# Exercise details
Copy out exactly the line that contains "高雄鳳山美食《麟粥宮》鳳山文" and all lines following it to the end of the data.

# Data for processing

= Beginning of Section =

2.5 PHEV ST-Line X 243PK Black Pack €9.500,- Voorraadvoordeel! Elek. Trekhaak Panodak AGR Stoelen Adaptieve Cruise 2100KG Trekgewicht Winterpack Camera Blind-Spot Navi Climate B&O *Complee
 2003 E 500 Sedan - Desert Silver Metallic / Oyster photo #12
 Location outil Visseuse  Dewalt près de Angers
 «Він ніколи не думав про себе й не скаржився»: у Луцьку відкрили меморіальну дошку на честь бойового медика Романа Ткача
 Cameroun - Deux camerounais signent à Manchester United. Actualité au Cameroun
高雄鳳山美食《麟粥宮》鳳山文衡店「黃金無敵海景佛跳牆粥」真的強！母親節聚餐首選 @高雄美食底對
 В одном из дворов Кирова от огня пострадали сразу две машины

= End of Section =

# Expected output
高雄鳳山美食《麟粥宮》鳳山文衡店「黃金無敵海景佛跳牆粥」真的強！母親節聚餐首選 @高雄美食底對
 В одном из дворов Кирова от огня пострадали сразу две машины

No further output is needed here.